2
votes

I have a kakfa consumer for which enable.auto.commit is set to false. Whenever I re-start my consumer application, it always reads the last committed offset again and then the next offsets.

For ex. Last committed offset is 50. When I restart consumer, it again reads offset 50 first and then the next offsets.

I am performing commitsync as shown below.

Map<TopicPartition, OffsetAndMetadata> offsets = new HashMap<>();
offsets.put(new TopicPartition("sometopic", partition), new OffsetAndMetadata(offset));
kafkaconsumer.commitSync(offsets);

I tried setting auto.offset.reset to earliest and latest but it is not changing the behavior.

Am I missing something here in consumer configuration ?

config.put(ConsumerConfig.CLIENT_ID_CONFIG, "CLIENT_ID");
config.put(ConsumerConfig.BOOTSTRAP_SERVERS_CONFIG, "127.0.0.1:9092");
config.put(ConsumerConfig.GROUP_ID_CONFIG, "GROUP_ID");
config.put(ConsumerConfig.ENABLE_AUTO_COMMIT_CONFIG, "false");
config.put(ConsumerConfig.KEY_DESERIALIZER_CLASS_CONFIG,StringDeserializer.class.getName());
config.put(ConsumerConfig.VALUE_DESERIALIZER_CLASS_CONFIG,CustomDeserializer.class.getName());
config.put(ConsumerConfig.AUTO_OFFSET_RESET_CONFIG, "latest");
2

2 Answers

6
votes

If you want to use commitSync(offset) you have to be careful and read its Javadoc:

The committed offset should be the next message your application will consume, i.e. lastProcessedMessageOffset + 1.
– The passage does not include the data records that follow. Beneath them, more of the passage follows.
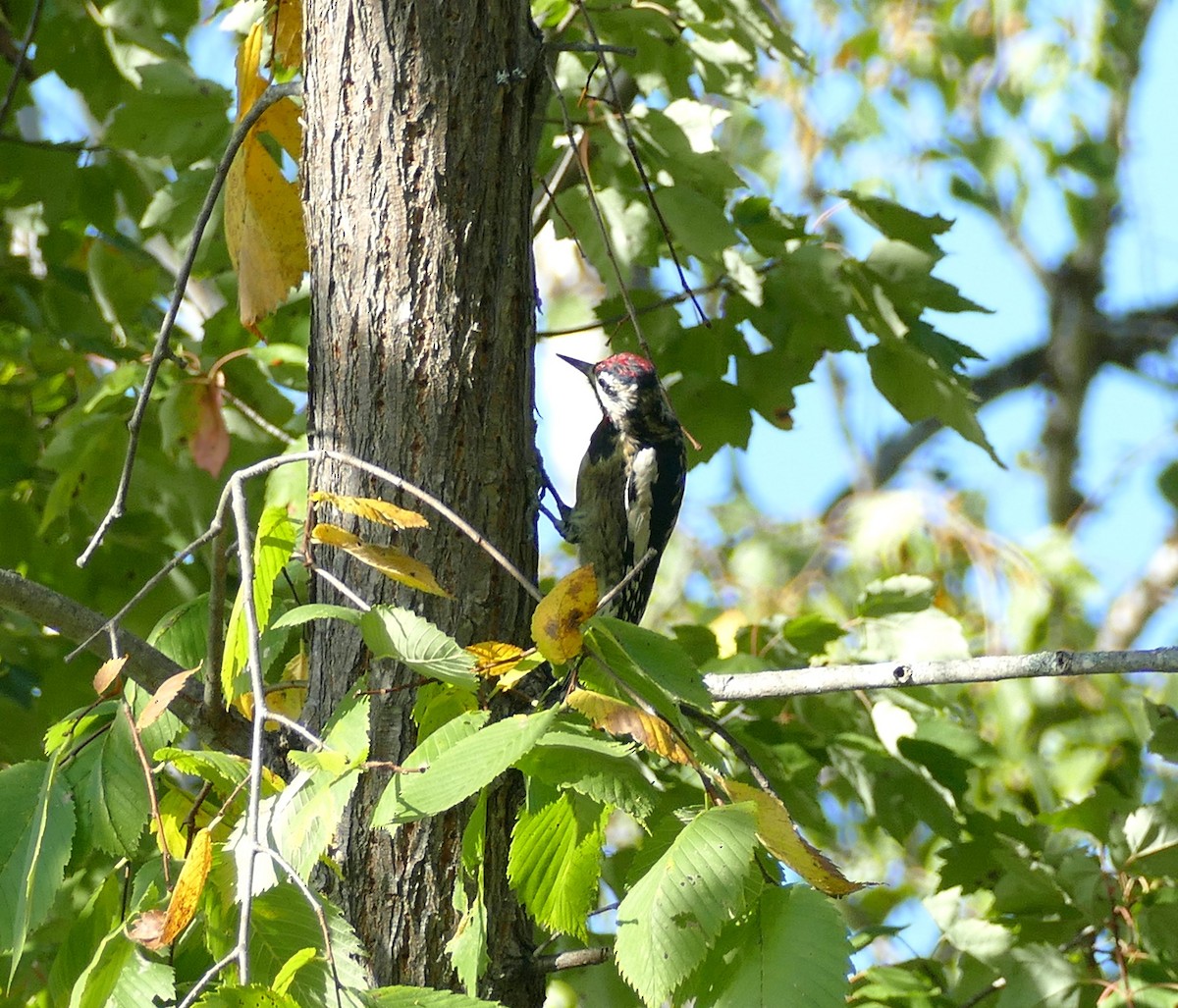 Yellow-bellied Sapsucker - ML642087589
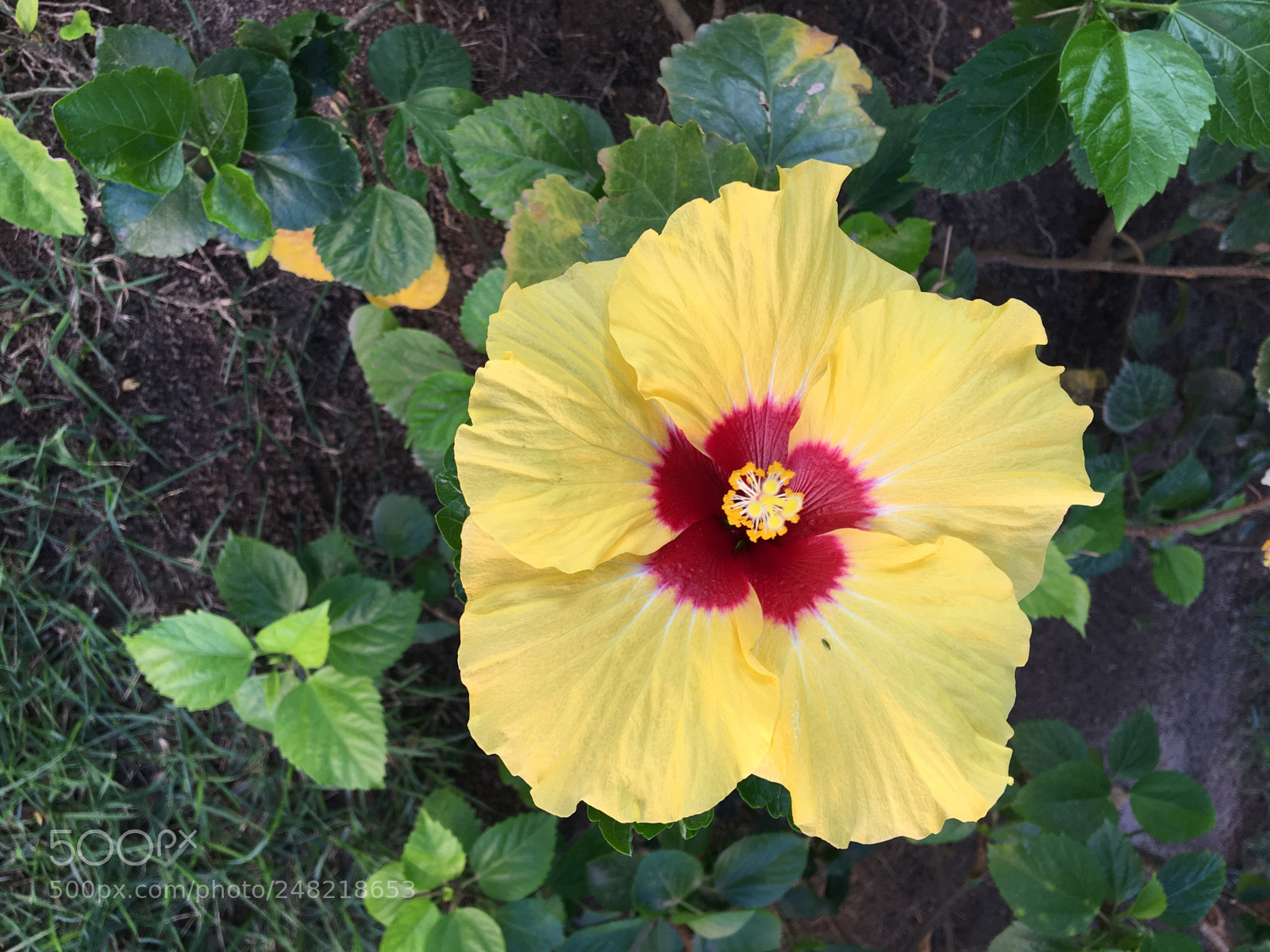 Apple iPhone 6s sample photo. Arraial d'ajuda photography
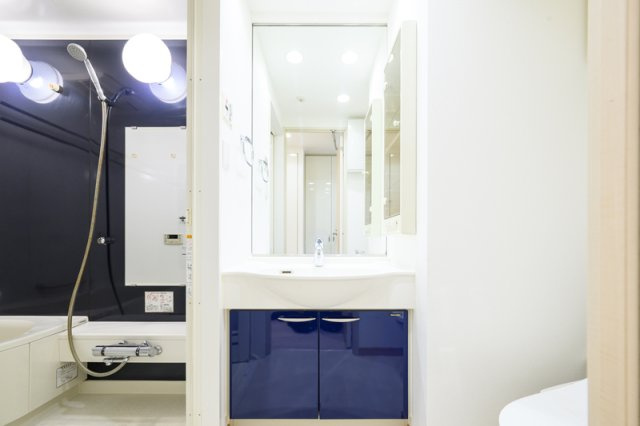 川崎市多摩区三田１丁目の賃貸マンションの洗面所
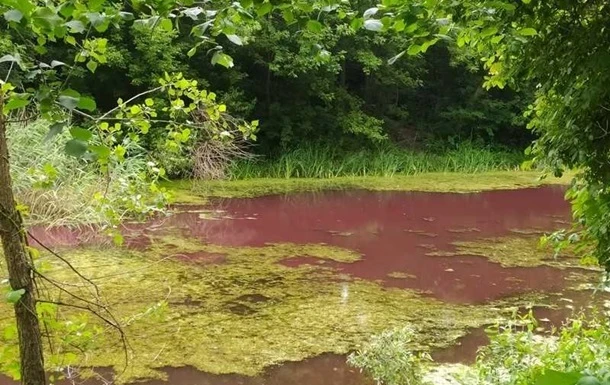 На Чернігівщині водойма стала рожевою з невідомих причин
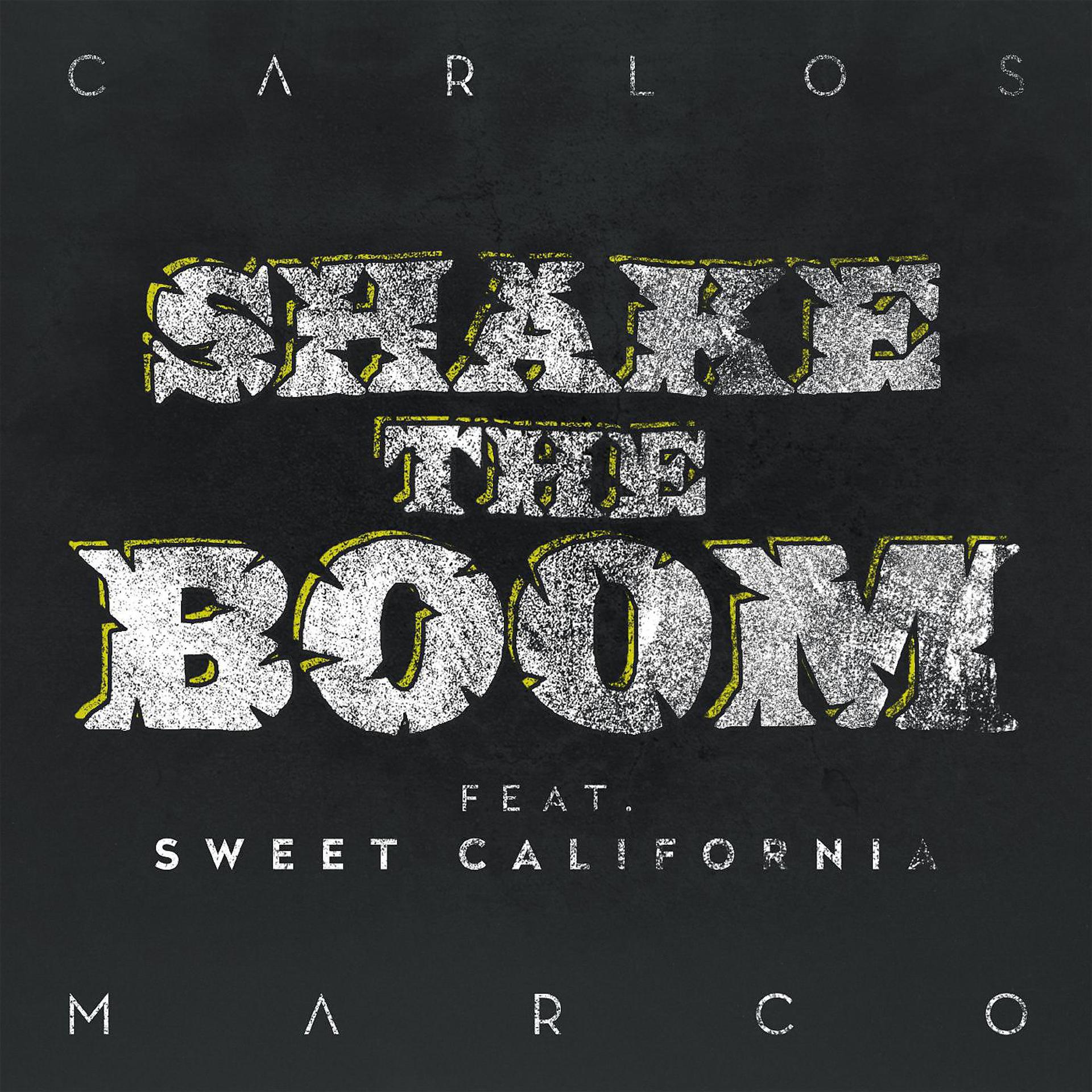 Постер альбома Shake the Boom (feat. Sweet California)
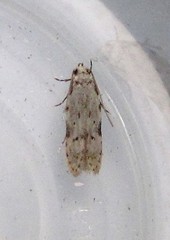 Taygete attributella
If you don't add + 1 to the offset, it is expected that on next restart, the consumer will consume again the last message. As mentioned in the other answer, if you use commitSync() without any argument, you don't have to worry about that

0
votes

It looks like you're trying to commit using new OffsetAndMetadta(offset). That's not the typical usage.

Here's an example from the documentation, under Manual Offset Control:

 List<ConsumerRecord<String, String>> buffer = new ArrayList<>();
 while (true) {
     ConsumerRecords<String, String> records = consumer.poll(100);
     for (ConsumerRecord<String, String> record : records) {
         buffer.add(record);
     }
     if (buffer.size() >= minBatchSize) {
         insertIntoDb(buffer);
         consumer.commitSync();
         buffer.clear();
     }
 }

https://kafka.apache.org/21/javadoc/org/apache/kafka/clients/consumer/KafkaConsumer.html

Notice how the consumer.commitSync() call is performed without any parameters. It simply consumes, and it will commit to whatever was consumed up to that point.